#### Goal of the exercise
An unchanged copy of every record below, without pictures, is the goal.

#### Records shown
◆ ◆ ◆ ◆ ◆ ◆ ◆
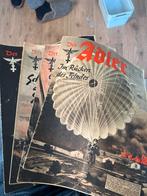 Der Adler Tijdschriften - Historische Uitgaven uit 1940, Ophalen of Verzenden, Gelezen, Overige typen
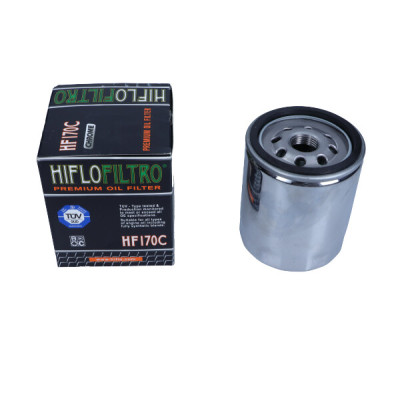 HIFLO FILTR OLEJU MOTO HARLEY DAVIDSON XL 883 SPORTSTER (86-06)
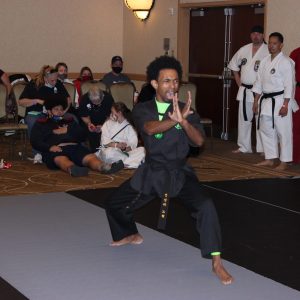 2021 Ninja Challenge | Texas Sport Karate News | Johnnie Murphy 2021 Ninja Challenge | Texas Sport Karate News | Johnnie Murphy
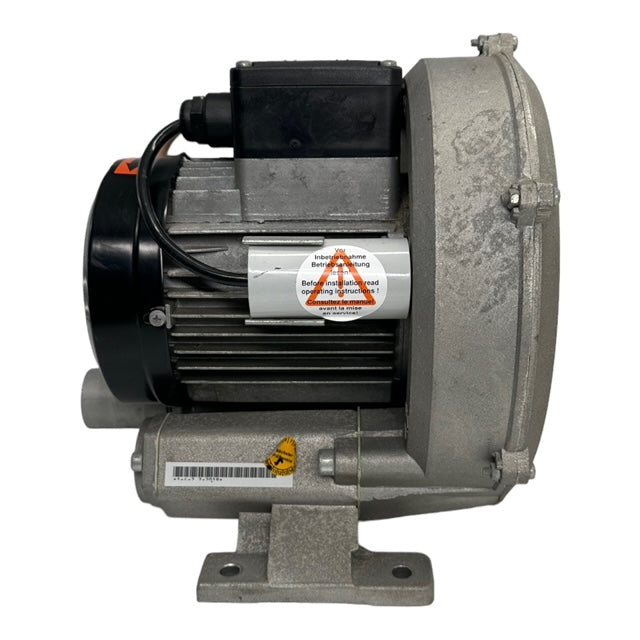 Busch SE0070C Vakuumpumpe 120/110 mbar pumpe 3000-3500/min 0,55/0,63kW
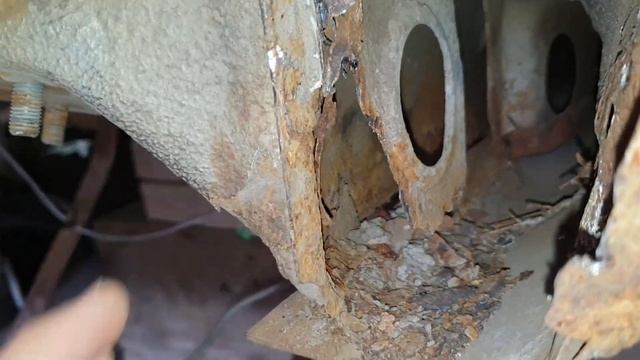 Как заделать дыру в пороге без сварки недорого и быстро! смотреть онлайн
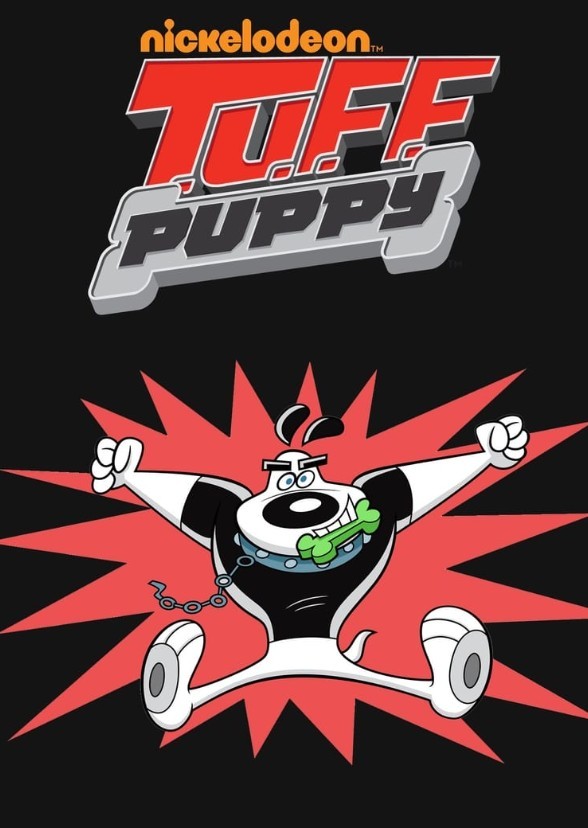 T. U.F. F Puppy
◆ ◆ ◆ ◆ ◆ ◆ ◆
#### Result of the task
 Der Adler Tijdschriften - Historische Uitgaven uit 1940, Ophalen of Verzenden, Gelezen, Overige typen
 HIFLO FILTR OLEJU MOTO HARLEY DAVIDSON XL 883 SPORTSTER (86-06)
 2021 Ninja Challenge | Texas Sport Karate News | Johnnie Murphy 2021 Ninja Challenge | Texas Sport Karate News | Johnnie Murphy
 Busch SE0070C Vakuumpumpe 120/110 mbar pumpe 3000-3500/min 0,55/0,63kW
 Как заделать дыру в пороге без сварки недорого и быстро! смотреть онлайн
 T. U.F. F Puppy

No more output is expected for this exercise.